I’ve also found that having the historical data (who I bought gifts for, the amount I spent, and what I bought) has been helpful to have year after year. Last year I spent about $1,900 on 30 people. This year I currently have 41 (!!!) people on my spreadsheet, so I know I’ll likely spend a little bit more than I did last year.
Here’s my guide on how I create my holiday spreadsheet every year. A free download is also included — no sign up or email required!
10. Negotiate a bill.
Wouldn’t it be great if you could reduce at least one of your fixed monthly payments? One thing I’ve learned is that it never hurts to ask!
If you have a list of your monthly fixed expenses (which you will if you update your budget!), start figuring out which one you’re most likely able to reduce. Your phone bill, cable bill, or an insurance bill are a likely bet.
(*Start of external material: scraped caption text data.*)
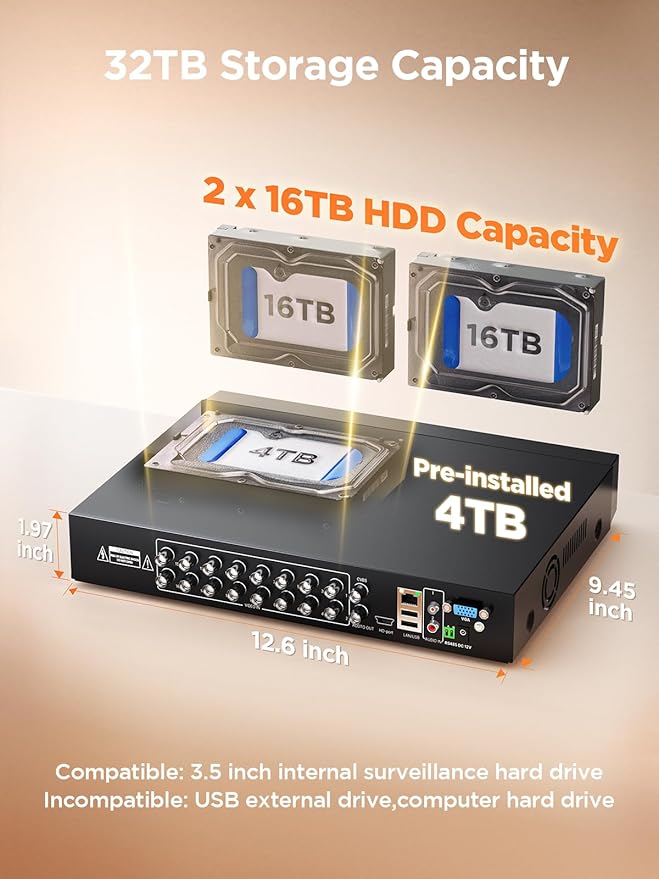 TIGERSECU Ultra HD 5MP 16 + 16 Channel Hybrid Security DVR/NVR with 4TB Hard Drive, Expandable to 32 Cameras, 6-in-1 Home Surveillance Recorder for 16 TVI, AHD, CVI, CVBS, RS485 PTZ and 16 IP Cameras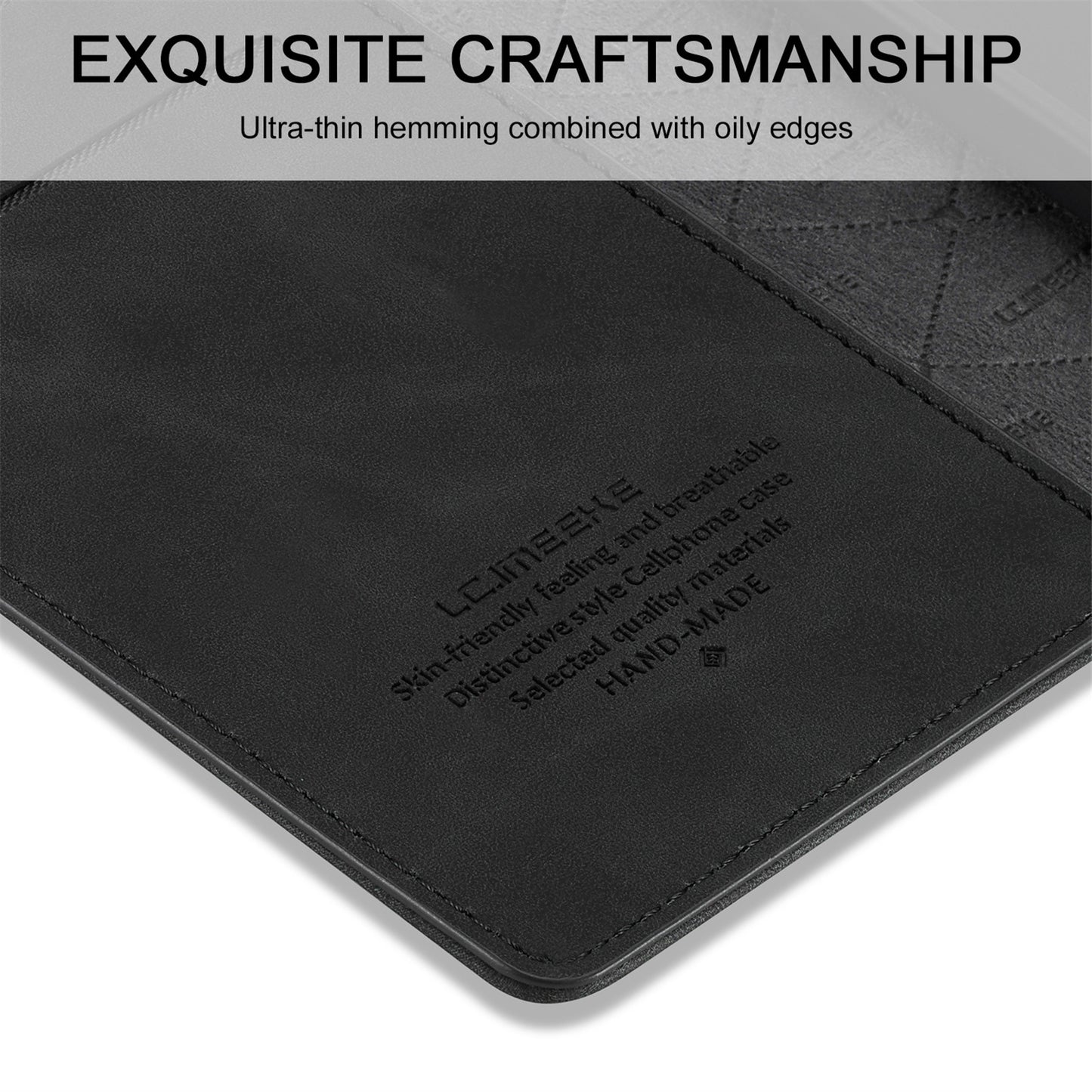 LC.IMEEKE LC Strong Magnetic Series Wallet Stand Design Shockproof PU Leather Phone Case Cover for iPhone 13 Pro 6.1 inch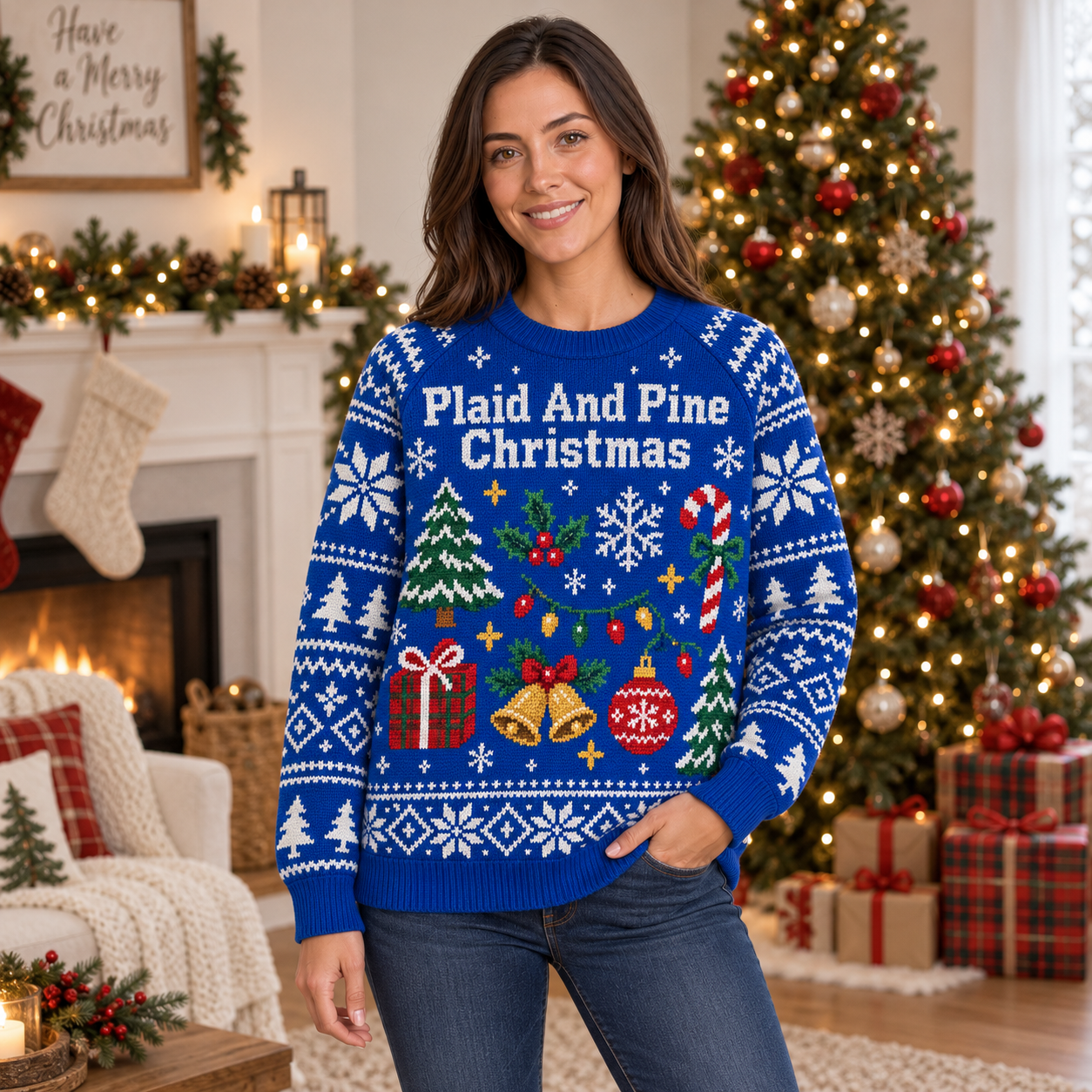 [popular-sweater:PX-18-08:female] Plaid And Pine Christmas Ugly Christmas Sweatshirt - Female view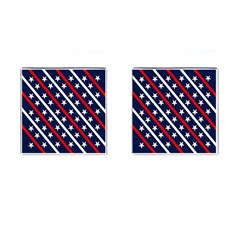 Patriotic Red White Blue Stars Cufflinks (square) by Celenk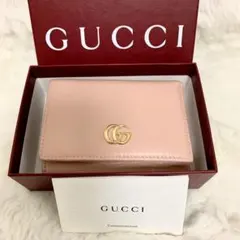 グッチ　GGマーモント 三つ折り財布 コンパクトウォレット　ピンクベージュ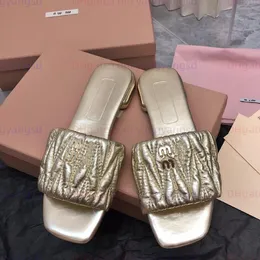 Designer Sandals Slides Women Slippers soft sheepskin slippers style sandals Metal Engraved Leather sole Outdoor Summer pool sandals With Box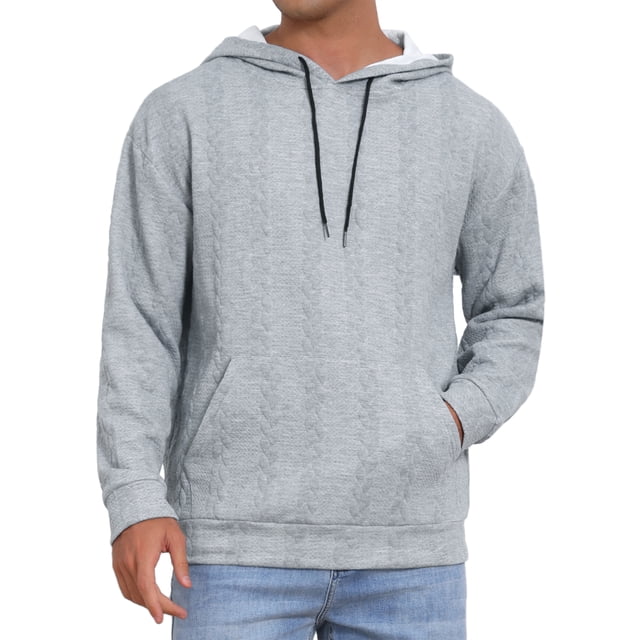 SUDADERA CON CAPUCHA PULLOVER JACQUARD DE MANGA LARGA PARA HOMBRE CON BOLSILLOS Y CORDÓN XL GRIS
Star by comparing plans from other providers. Do they offer a better deal on the same service? That’s a great place to start with a negotiation! Companies want to keep you as a customer so oftentimes they’re willing to work with you on the price.
Either call the customer service line or even chat with them via a chat box on their website. Getting anything off of your bill is something I would consider a win!
As we enter a new year and a new decade, I hope you’re excited and looking forward to reaching new goals and bettering your finances. These are just 10 things you can do this December to start 2020 off on the right foot!